La questione femminile

In Stato e rivoluzione non appare la questione femminile, anche se Lenin, citando il passo di Marx relativo alla necessità di elaborare un diritto disuguale, che tenga conto delle diversità reali dell'esistenza, delle condizioni di vita ecc., ha in un certo senso posto le basi per l'affronto di una questione del genere.

La famiglia borghese, che ha sostituito quella patriarcale, oggi è al capolinea. Per almeno due ragioni:

1. è troppo debole nel confronto con le contraddizioni della società;

2. non è in grado di garantire la riproduzione fisica della società.

I valori dominanti oggi sono quelli veicolati dai mass-media, non più quelli trasmessi dalla famiglia. Famiglia e scuola hanno interagito sul piano dei valori sino agli anni della contestazione, poi è maturata una generazione (quella degli anni 1968-76) i cui valori erano distanti sia da quelli della famiglia che da quelli della scuola.

Questi valori hanno prodotto leggi come quelle sul divorzio, sull'aborto ecc., hanno garantito maggiore uguaglianza dei sessi, ma non hanno cambiato le regole fondamentali del sistema, il quale, infatti, agli inizi degli anni Ottanta ha ripreso a imporsi, considerando come un dato acquisito l'aumento del tasso di laicizzazione e di emancipazione sessuale conseguente a quelle battaglie.

Il risultato finale è stato che, mentre prima del '68 scuola e famiglia vivevano su valori ereditati dal fascismo e da un certo cattolicesimo conservatore, oggi vivono prevalentemente su valori dettati dal consumismo. Tra gli anni della contestazione e quelli del riflusso c'è stata un'esperienza che ha illuso un'intera generazione, la quale aveva creduto possibile una società più democratica, più socialista.

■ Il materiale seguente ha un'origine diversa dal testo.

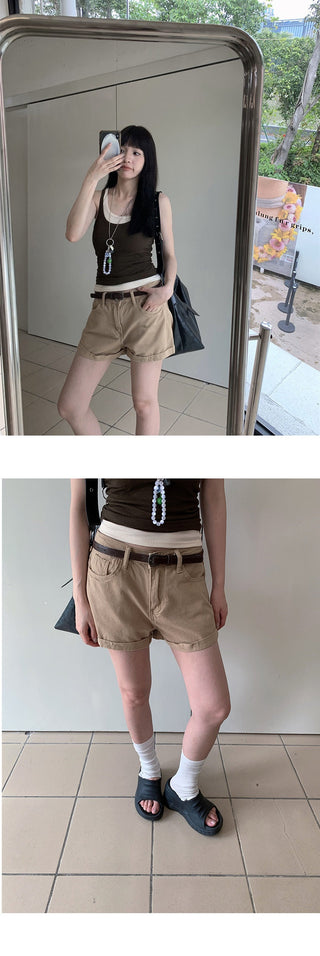 flanged denim shorts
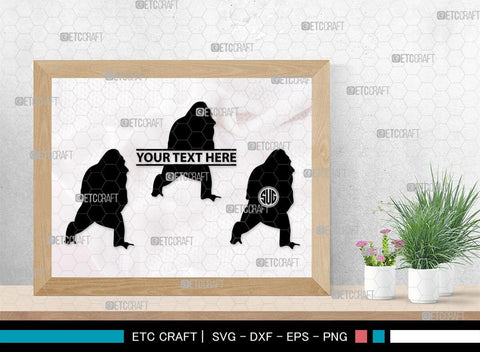 Gorillas Monogram, Gorilla Silhouette, Gorilla SVG, King Kong Gorilla Svg, Fierce Gorilla Svg, Ape Svg, SB00273 SVG ETC Craft 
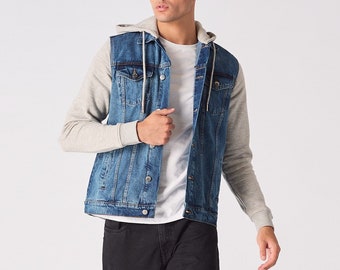 Herren Mid Blue Wash Jeansjacke: Freizeitjacke mit Fleece-Kapuze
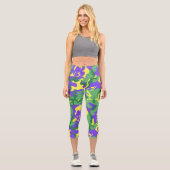 Leggings Capri Fête de camouflage Mardi Gras (Recto)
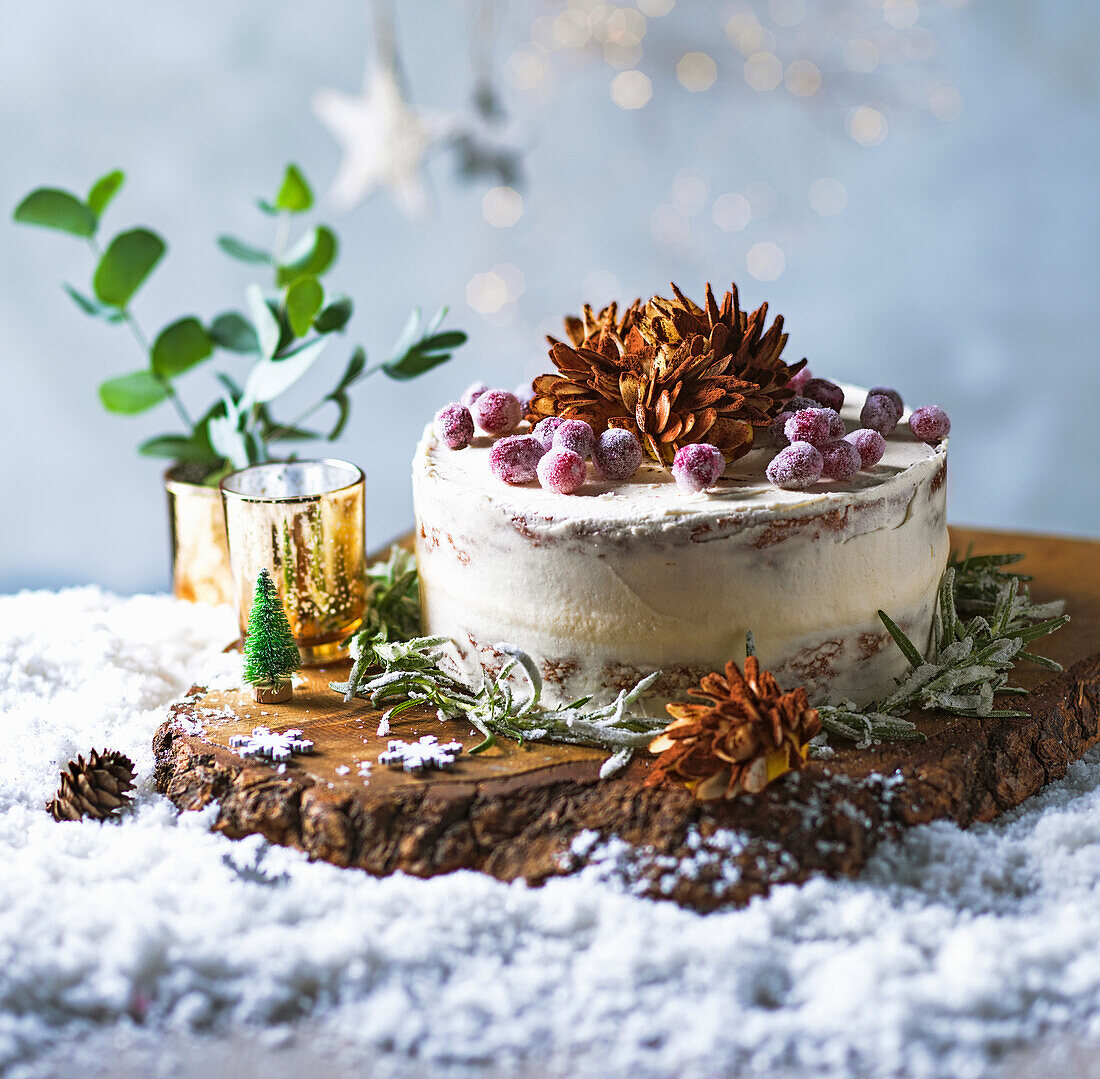 Frosted pine cone cake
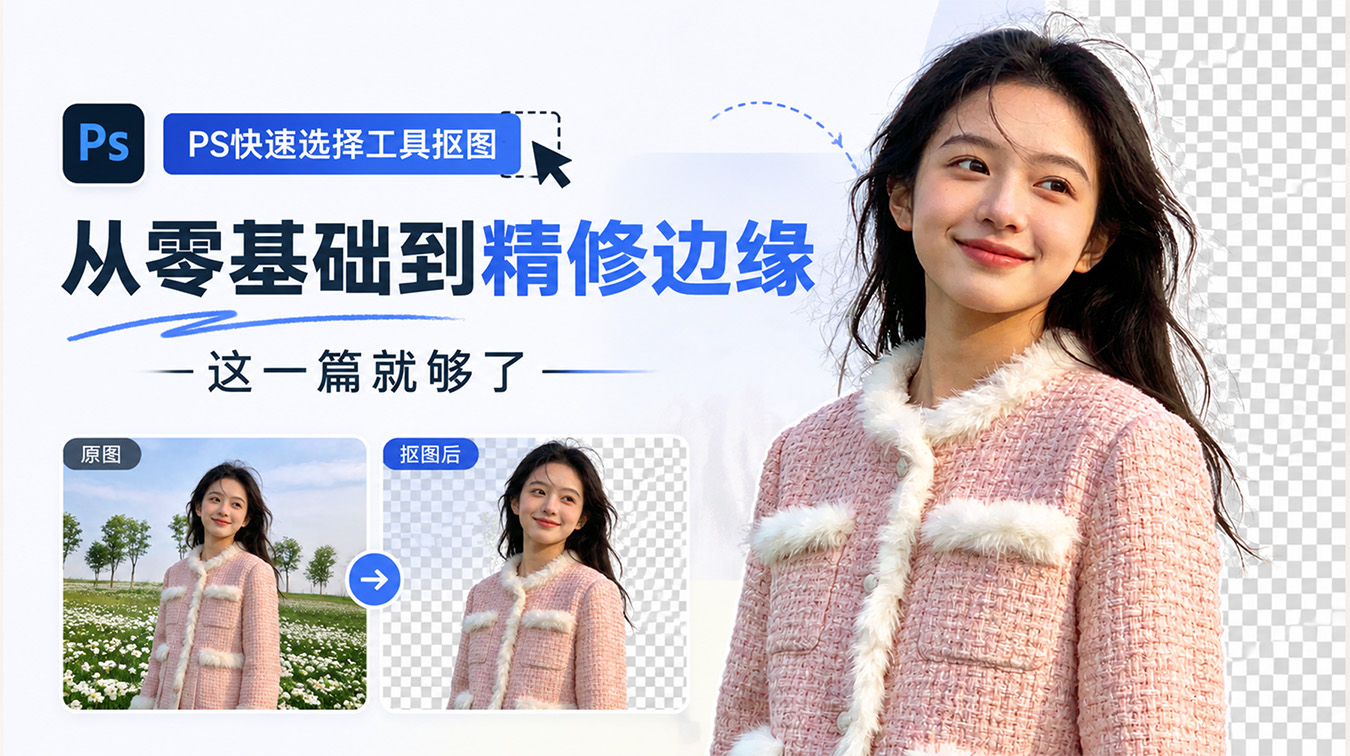 PS快速选择工具抠图：从零基础到精修边缘，这1篇就够了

Oggi la società borghese tende sempre più a rapportarsi a individui singoli, isolati, inoffensivi, incapaci di reagire alle contraddizioni del sistema, disposti a interagire solo con le sollecitazioni del consumismo. E questo isolamento viene sbandierato come una forma più avanzata di libertà individuale, il cui presupposto per esercitarla è, ovviamente, il possesso di un certo livello di benessere.

In tale situazione l'identità e il ruolo della donna risultano essere i più penalizzati. In una società dominata dai rapporti di forza, la donna, per sopravvivere, deve negarsi come tale e cercare di essere il più possibile simile all'uomo.

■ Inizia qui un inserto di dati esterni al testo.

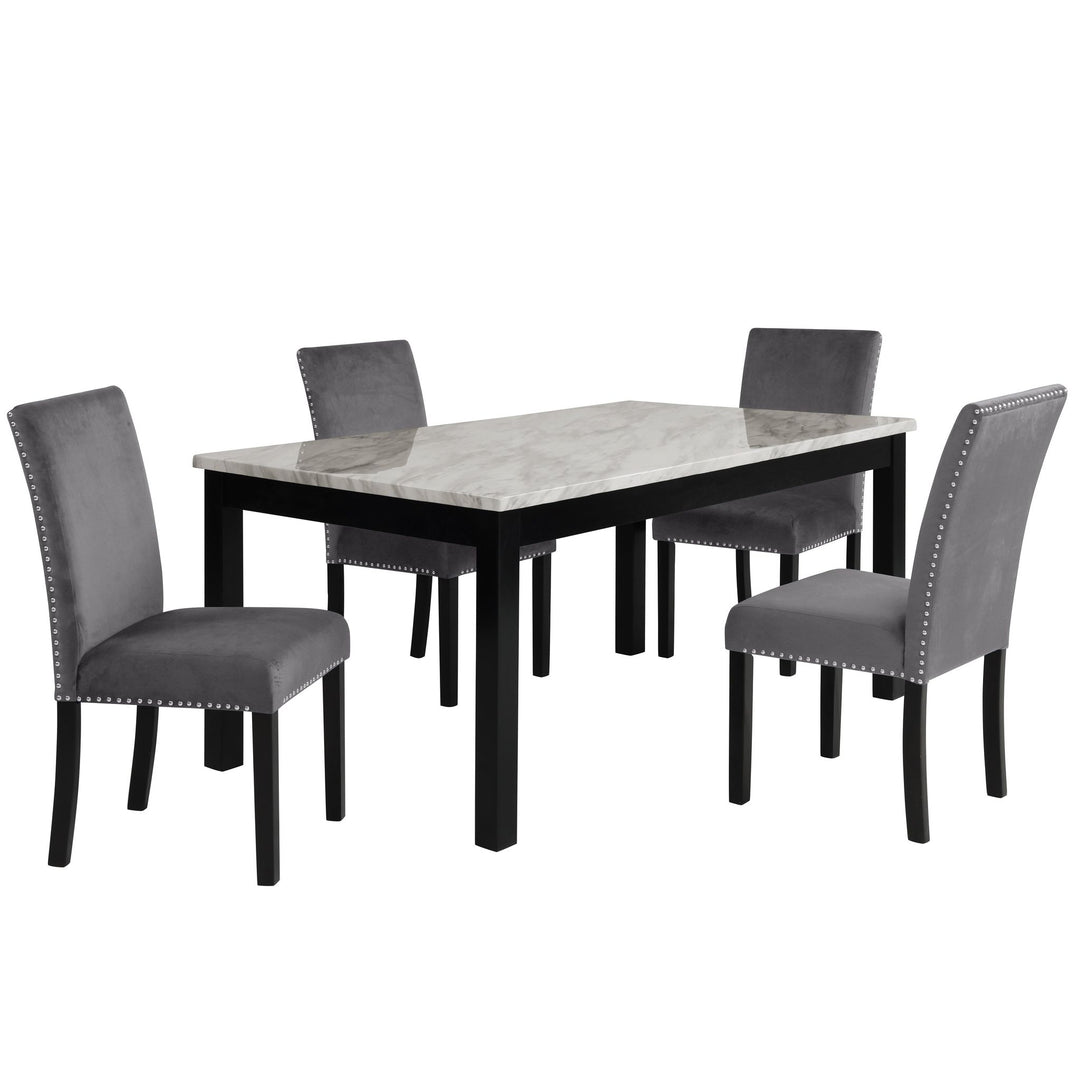 Celeste 64" Dining Table-Espresso/faux Marble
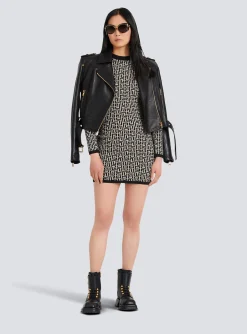 Women Balmain Short Bicolor Jacquard Dress With Monogram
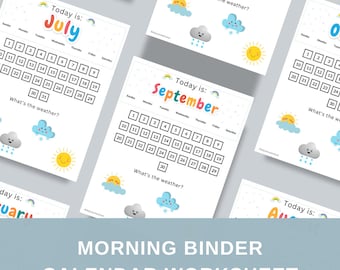 Preschool Calendar Worksheet: Morning Menu Learning Binder (Digital Download)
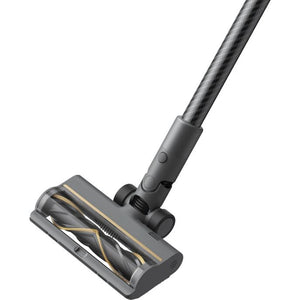 Dreame R20 cordless stick vacuum cleaner with silver and black motorized brush head attachment on extended pole against white background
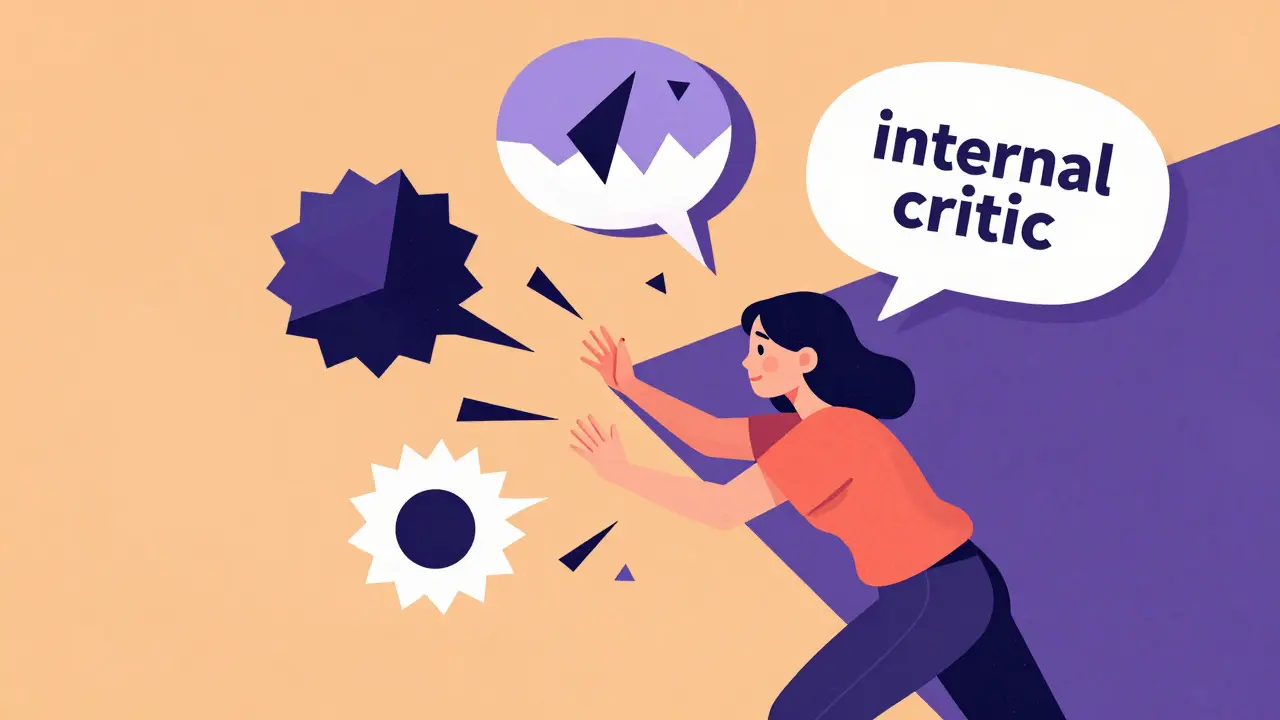 Stylizovaná žena obklopená ostrými tvary představujícími vnitřního kritika.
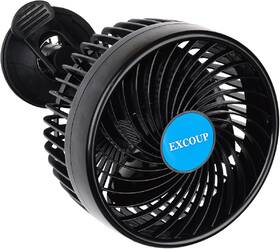 Excoup 1b122 12v Electric Car Fan With Cigarette Lighter Plug 4.5ftft Powerful Cooling Air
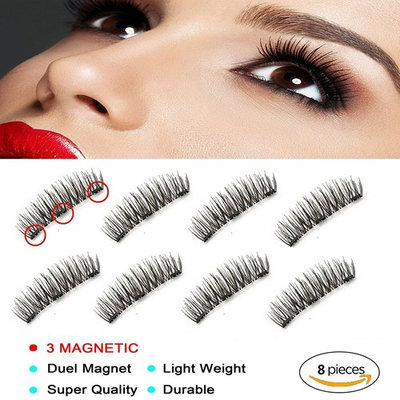 Ultra Thin 3D New Magnetic False Eyelashes Fiber Reusable Lashes Extension for Natural Look,Perfect for Deep Eyes & Round Eyes (Three Magnetic False Eyelashes)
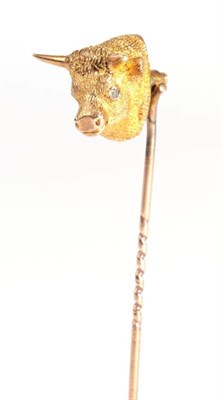 Lot 41 - A Bull's Head Stick Pin, with old cut diamond eyes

La maternità è diventata un peso insopportabile; la scelta del partner e la stessa fedeltà coniugale sono ormai strettamente dipendenti dalla realizzazione sociale e professionale. La sicurezza economica è il presupposto per stabilire una qualunque relazione d'amore.

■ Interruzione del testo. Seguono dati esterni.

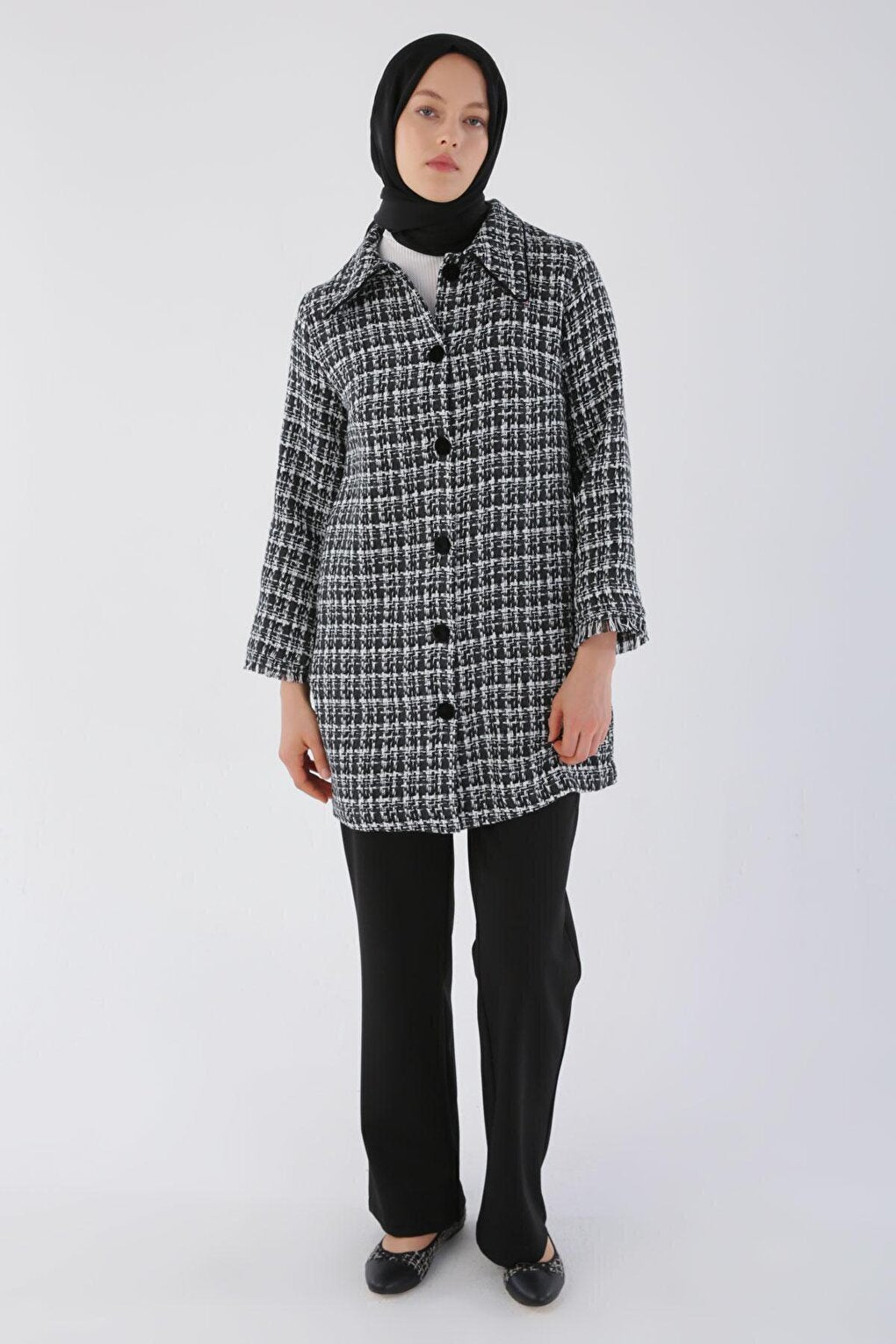 Black Velvet Button-Up Shirt Collar Tweed Jacket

Come può una donna sentirsi libera quando non lo è neppure l'uomo che essa vorrebbe imitare? La libertà di divorziare, di abortire, di controllare artificialmente la procreazione... non sono forse tutte libertà al negativo?

È possibile ipotizzare la creazione di “unità collettive” di famiglie, in cui sia praticabile una gestione condivisa dei beni comuni: dagli strumenti di lavoro alle forme di proprietà, sino all'educazione dei figli...? È possibile recuperare il concetto di “famiglia allargata” senza dover sottostare alle superate forme di gerarchia, di paternalismo, di clericalismo, salvaguardando la monogamia e la libera scelta del partner?


1 Lenin voleva evitare accuratamente i due principali difetti della Comune: non aver preso la Banca centrale; non aver attaccato il governo a Versailles.

2 Le prime forme di organizzazione operaia (comitati di sciopero) si formarono nel 1896-97 nelle fabbriche. Alla vigilia della rivoluzione d'Ottobre vi erano oltre 1400 soviet. Dopo la dissoluzione dell'Unione Sovietica il sistema dei Soviet sopravvisse nella Federazione Russa fino al 1993.

3 Da notare che ai tempi di Brežnev, Černenko, Andropov... si parlava ancora di “Stato di tutto il popolo”. Non a caso Gorbačëv volle sostituire questa definizione con quella di “Stato di diritto”.